— Task goal —
Give again, word for word, every line in the entries below from the line with "Frog playing the" up to and including the line with "- Factory Wholesale", and no other line.

— Excerpted data —
►

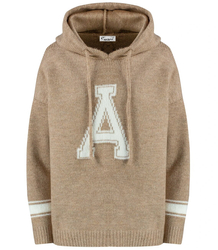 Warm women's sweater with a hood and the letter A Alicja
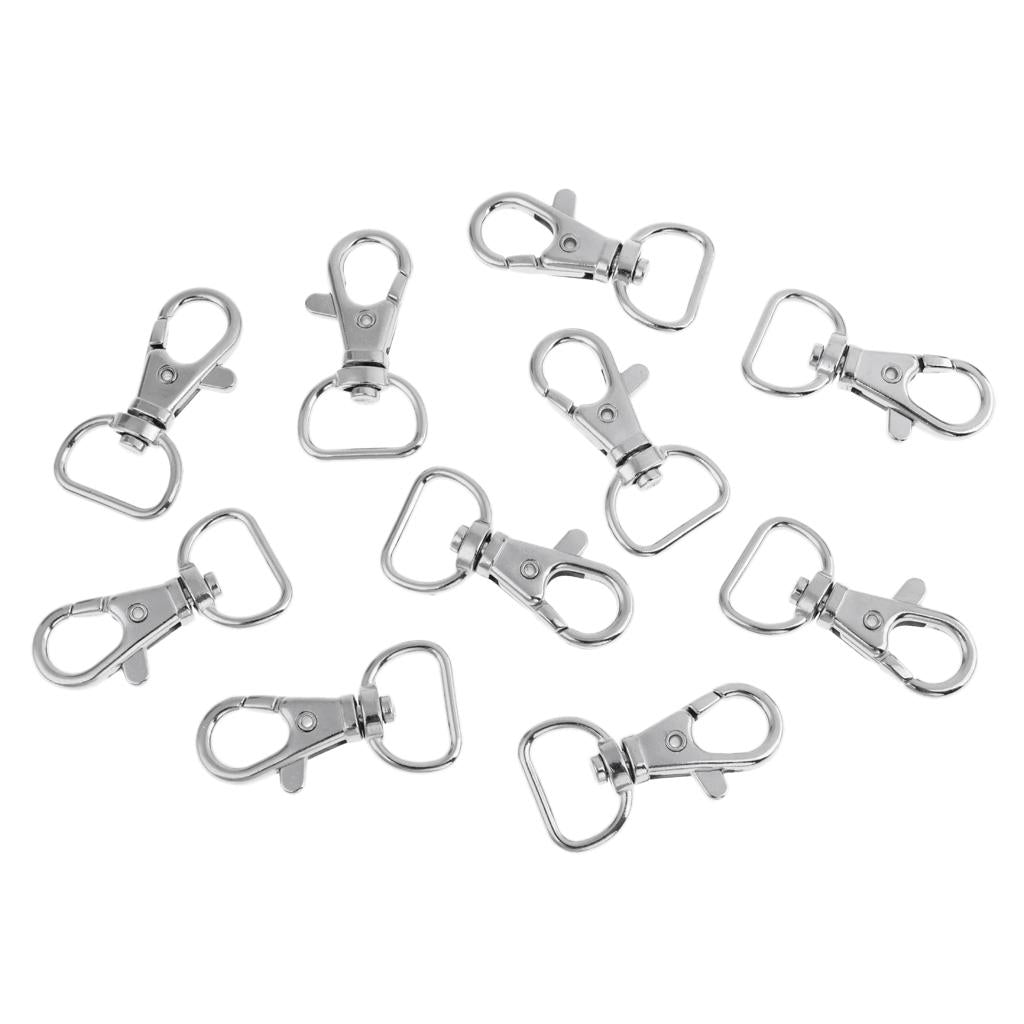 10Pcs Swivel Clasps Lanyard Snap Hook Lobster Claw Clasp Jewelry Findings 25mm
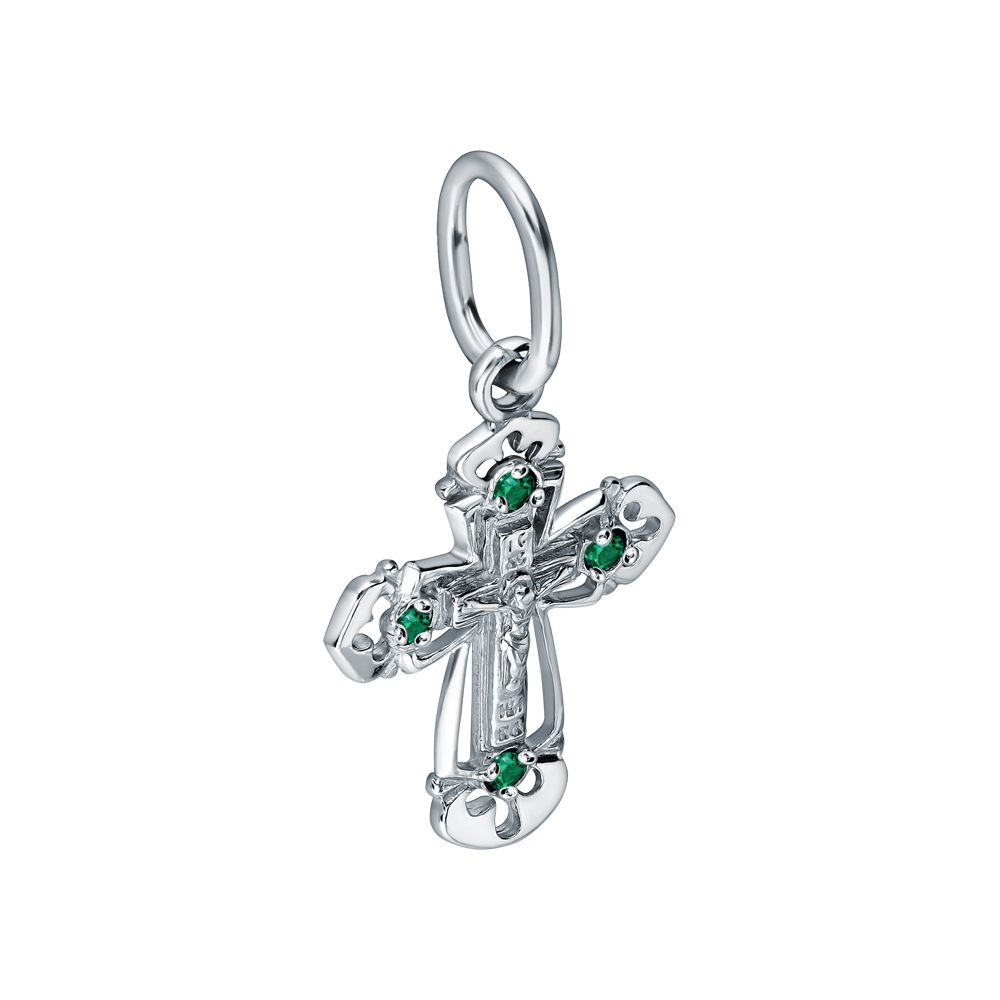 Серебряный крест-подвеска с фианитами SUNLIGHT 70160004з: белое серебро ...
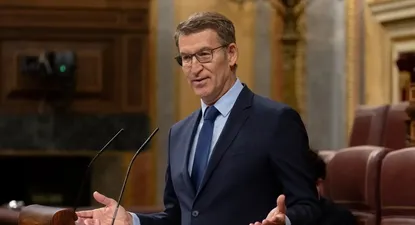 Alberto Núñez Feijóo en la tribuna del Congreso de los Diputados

◄
►

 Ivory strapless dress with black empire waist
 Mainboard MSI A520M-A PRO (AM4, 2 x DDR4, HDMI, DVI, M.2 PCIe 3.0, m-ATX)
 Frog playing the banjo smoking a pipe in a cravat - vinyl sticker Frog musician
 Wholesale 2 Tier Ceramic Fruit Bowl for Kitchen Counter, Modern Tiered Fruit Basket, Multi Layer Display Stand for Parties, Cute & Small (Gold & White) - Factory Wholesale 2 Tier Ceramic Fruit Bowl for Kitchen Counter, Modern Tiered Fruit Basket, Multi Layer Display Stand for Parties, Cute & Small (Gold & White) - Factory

◄
►

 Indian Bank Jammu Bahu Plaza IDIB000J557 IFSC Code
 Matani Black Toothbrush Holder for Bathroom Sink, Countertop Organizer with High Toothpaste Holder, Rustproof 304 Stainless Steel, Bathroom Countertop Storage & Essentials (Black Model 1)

◄

— Solution for this task —
 Frog playing the banjo smoking a pipe in a cravat - vinyl sticker Frog musician
 Wholesale 2 Tier Ceramic Fruit Bowl for Kitchen Counter, Modern Tiered Fruit Basket, Multi Layer Display Stand for Parties, Cute & Small (Gold & White) - Factory Wholesale 2 Tier Ceramic Fruit Bowl for Kitchen Counter, Modern Tiered Fruit Basket, Multi Layer Display Stand for Parties, Cute & Small (Gold & White) - Factory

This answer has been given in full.